# The data
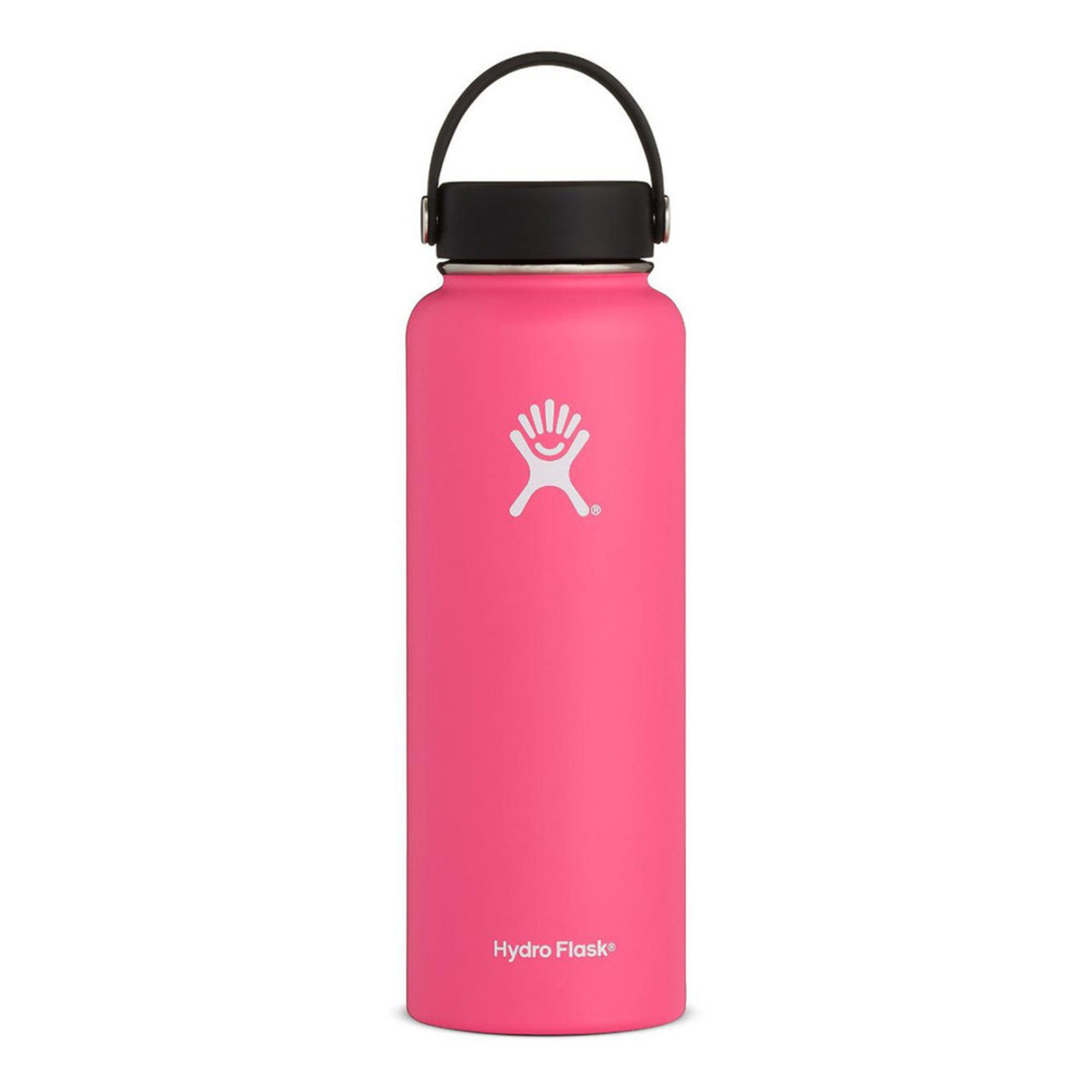Hydro Flask 40 Oz Wide Mouth With Flex Lid Insulated Bottles For
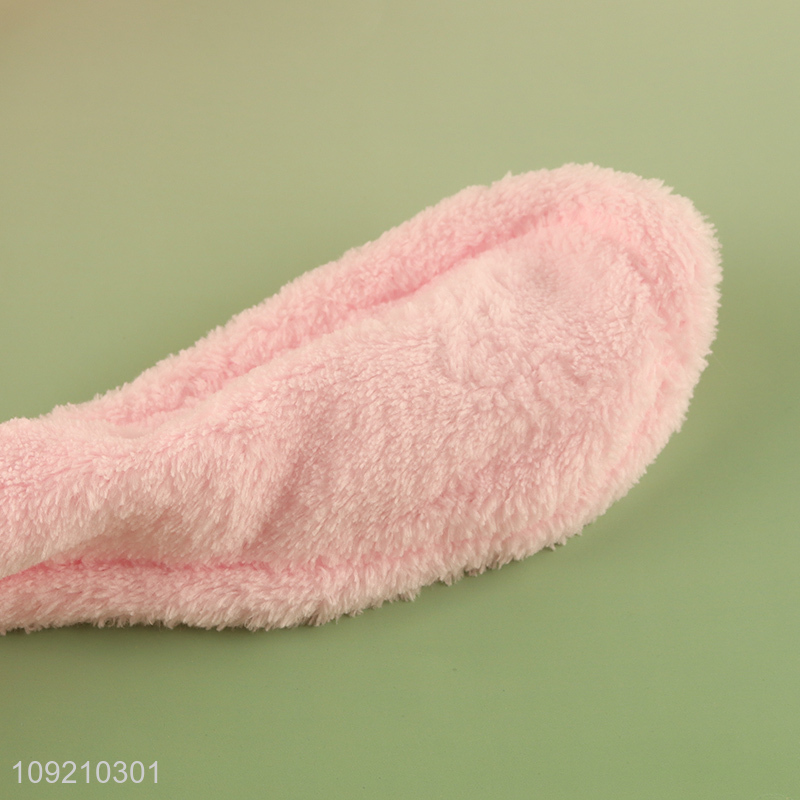 New Arrival Overnight Hair Curler No Heat Damage Foam Hair Roller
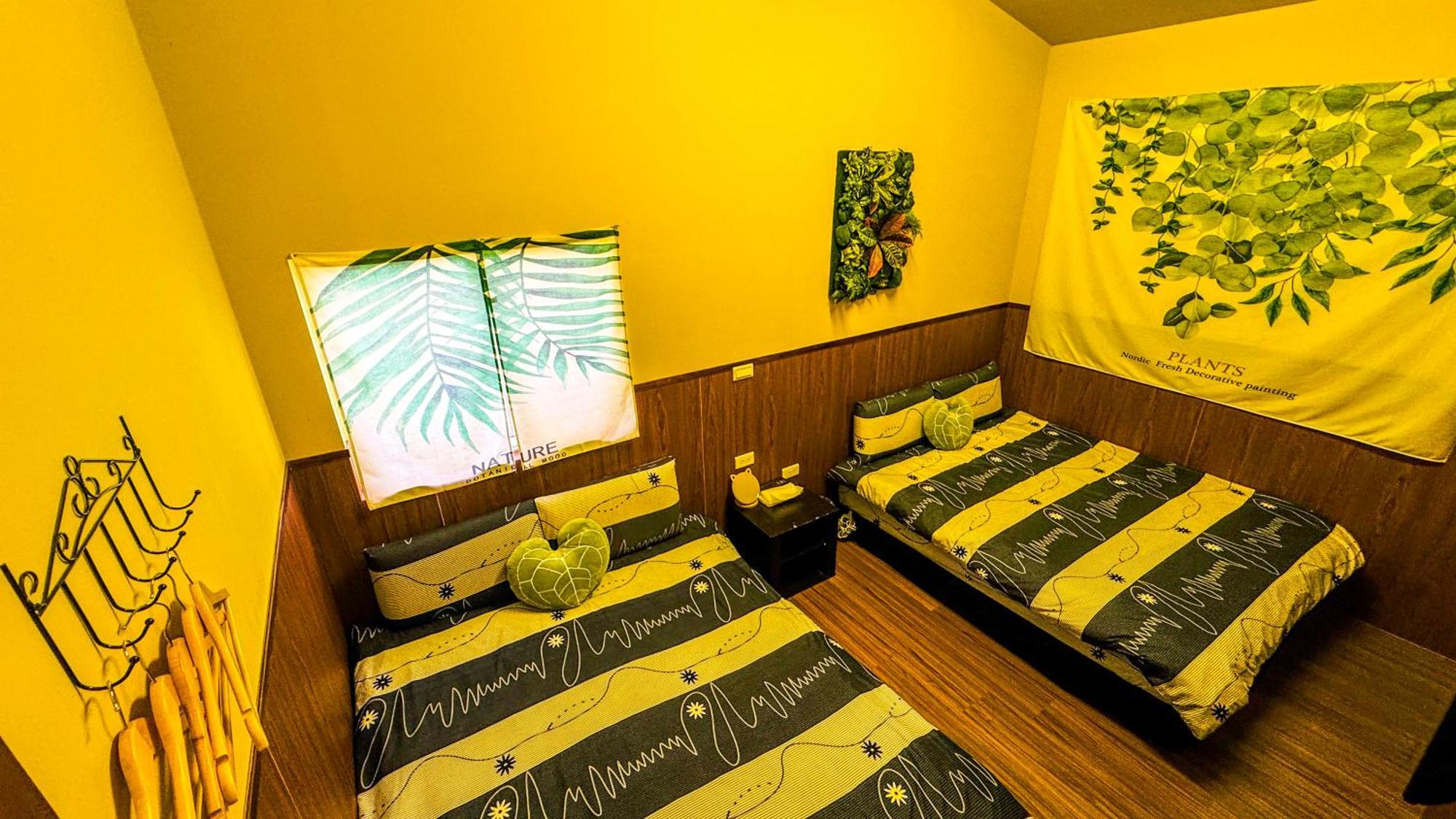 31 Homestay Ren'ai Exterior foto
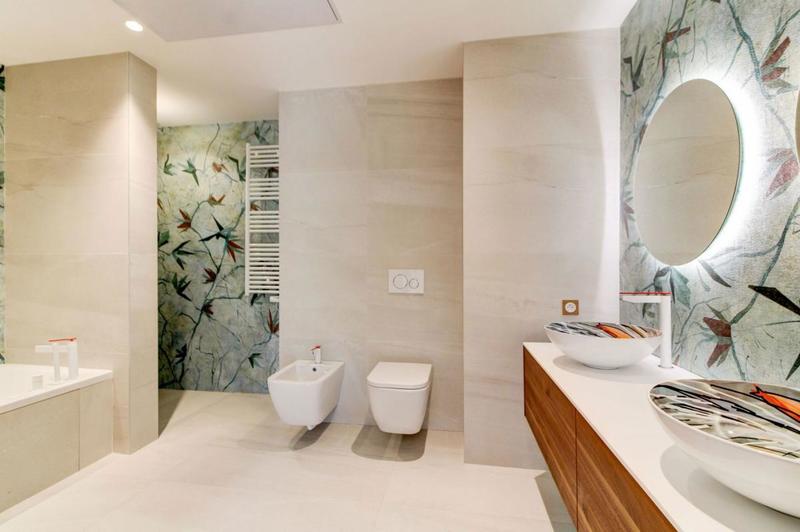 Appartement - 211 m² - 4 pièces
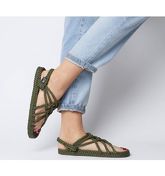 Nomadic State of Mind Jc Sandal SAGE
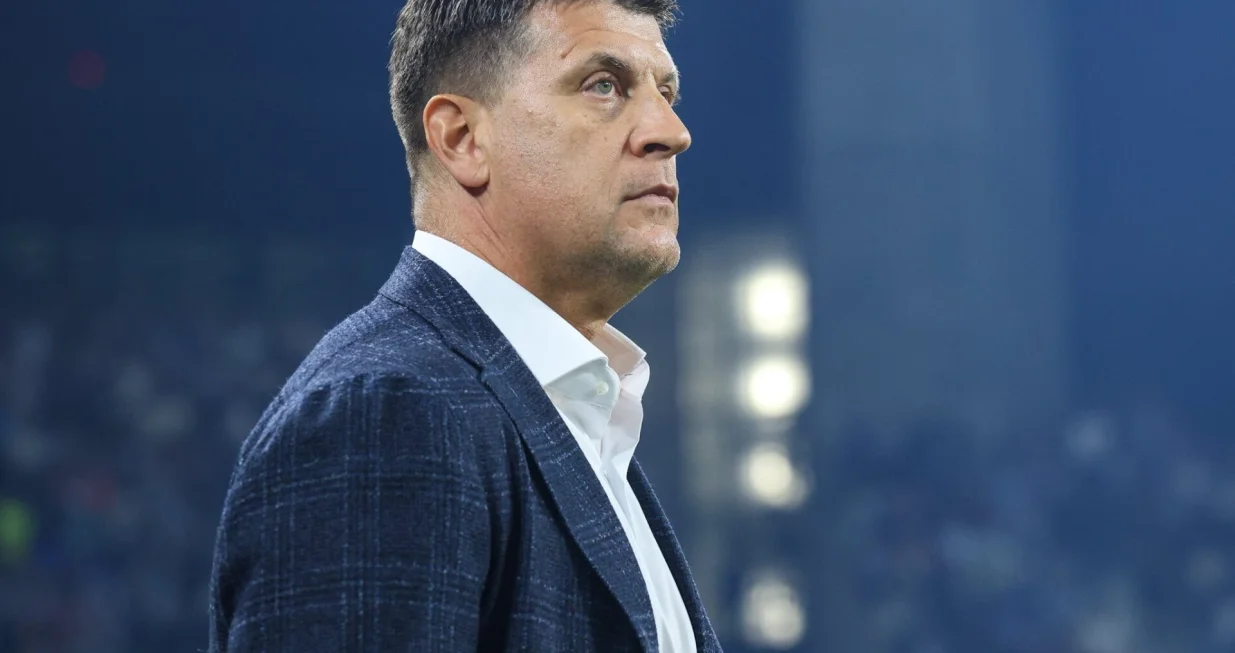 Vladan Milojević/Foto: 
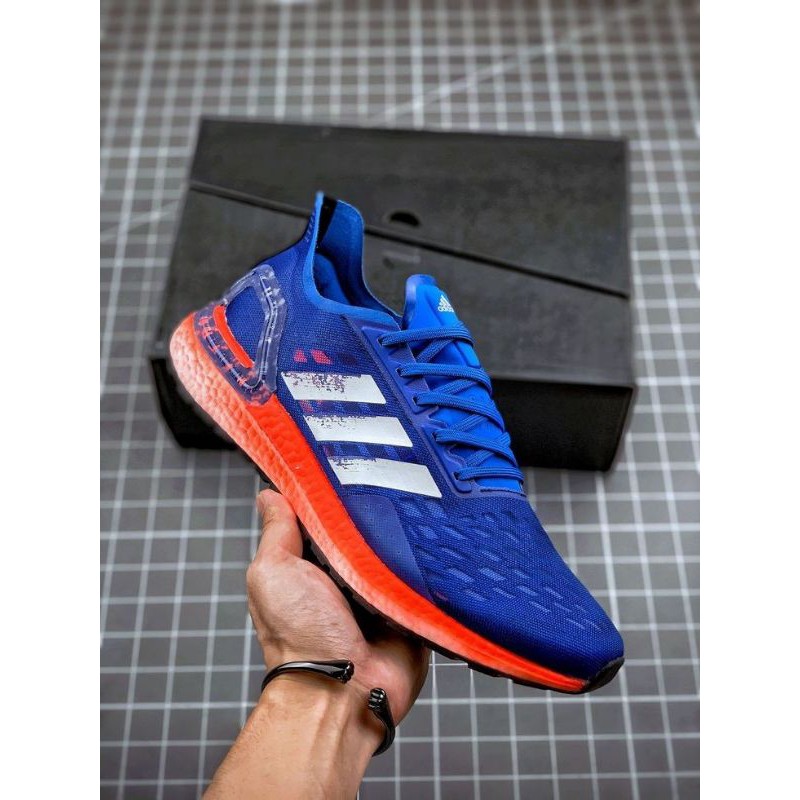 ultraboost pb blue
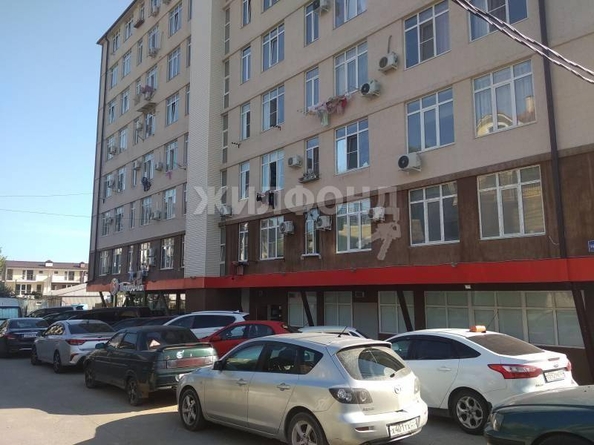 
   Продам 2-комнатную, 56 м², Троицкая ул, 46

. Фото 6.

# Work instructions
Set down every record exactly as written, but drop the pictures.

# Task result
Hydro Flask 40 Oz Wide Mouth With Flex Lid Insulated Bottles For
 New Arrival Overnight Hair Curler No Heat Damage Foam Hair Roller
 31 Homestay Ren'ai Exterior foto
 Appartement - 211 m² - 4 pièces
 Nomadic State of Mind Jc Sandal SAGE
 Vladan Milojević/Foto: 
 ultraboost pb blue
   Продам 2-комнатную, 56 м², Троицкая ул, 46

. Фото 6.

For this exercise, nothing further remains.